The Tesla Model 3 has regained its safety ratings, after temporarily being stripped of high-profile rankings following the automaker’s decision to switch to an all-camera system in May. At the time, Tesla argued that the camera-based replacement to the old advanced driver-assistance system – which had included radar – would be more effective, though organizations like the IIHS wouldn’t take that at face value.
Instead, Tesla saw the Model 3 and Model Y – its two most affordable all-electric cars – lose their coveted IIHS Top Safety Pick+ ratings, and Top Pick recommendation from Consumer Reports. That decision would last until the new system could be re-tested, it was confirmed.
Fast forward to today, and it seems those tests have been completed, at least for the Model 3. IIHS put a Tesla Vision based Model 3 through its safety checks, and found the system comparable to the old version. “The performance seems to be similar for both systems,” David Taylor, manager of active safety testing at the organization, told Consumer Reports.
As such, the Model 3 has been restored to its IIHS Top Safety Pick+ rating. While the Model Y uses the same Tesla Vision system, IIHS is yet to actually re-check the EV, and as such it remains without the award.

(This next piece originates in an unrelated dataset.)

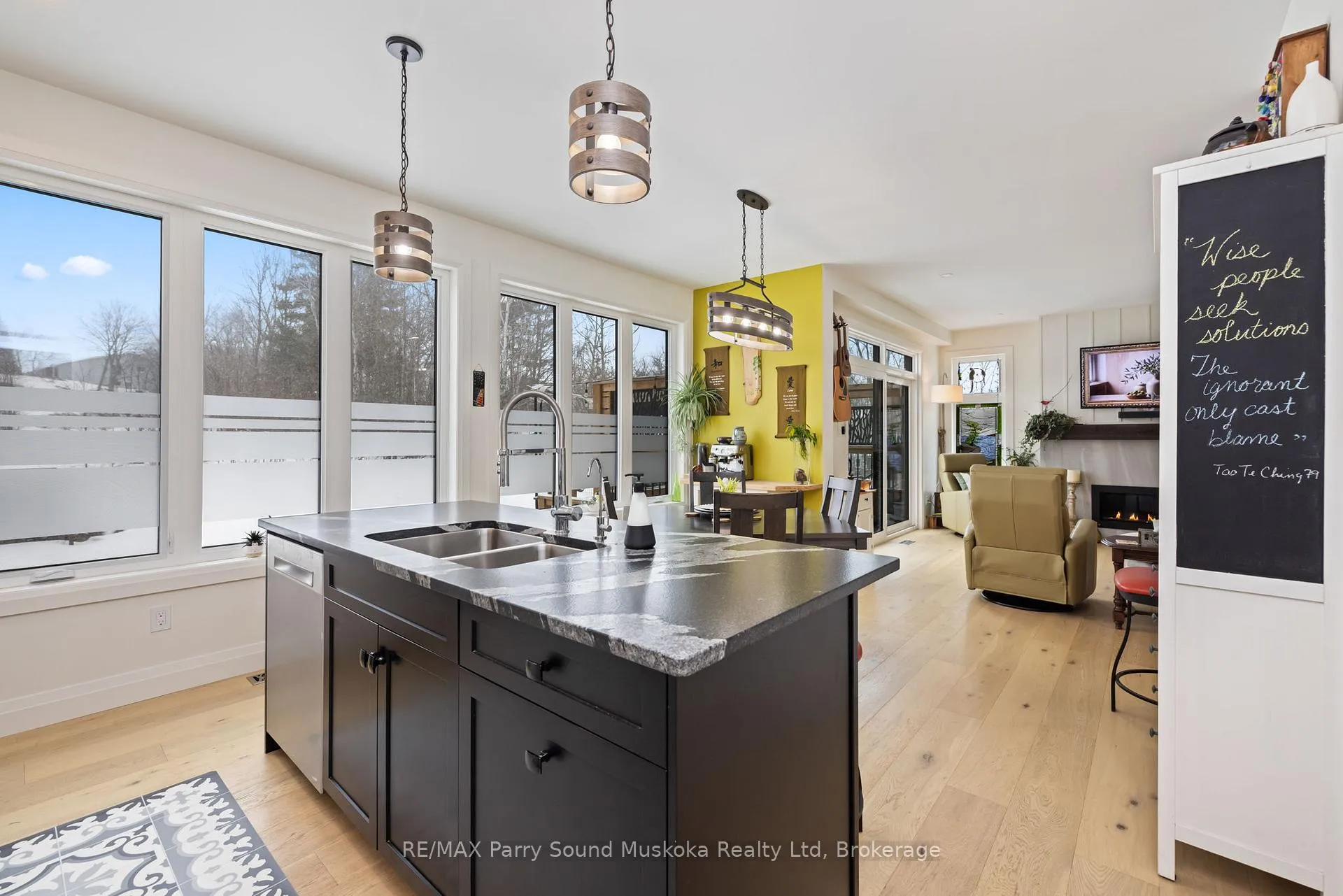 Photo 5 of 44 Dennis Drive, Parry Sound — HOMEH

For Consumer Reports, the IIHS’ findings on the Model 3 will mean it, too, returns the electric car’s rating. “Given the IIHS’ recent evaluations of Tesla’s new camera-based system on its Model 3 and consistent with CR’s integration of IIHS ratings into our recommendations, CR is restoring the car’s Top Pick status,” Jake Fisher, senior director of the organization’s Auto Test Center, confirmed today.
The switch to Tesla Vision came as a surprise back in May, with the automaker announcing that it would no longer be building radar sensors into its Model 3 and Model Y vehicles. Instead, they’d use machine learning across the Tesla neural network to process the feed from cameras mounted around the car, spotting traffic, controlling Autosteer, and powering Autopilot.
Tesla’s transition was to be a partial one. Vehicles destined for markets outside of North America, for example, would continue to use the radar system. Similarly, the more expensive Model S and Model X EVs would also retain their radar sensors for the time being.
Not every Tesla customer was happy about the change, not least because some features they may have been expecting were missing as a result. Though Tesla Vision is billed as having the same functionality as the prior system, it didn’t launch with complete feature-parity. “For a short period during this transition, cars with Tesla Vision may be delivered with some features temporarily limited or inactive,” the automaker warned.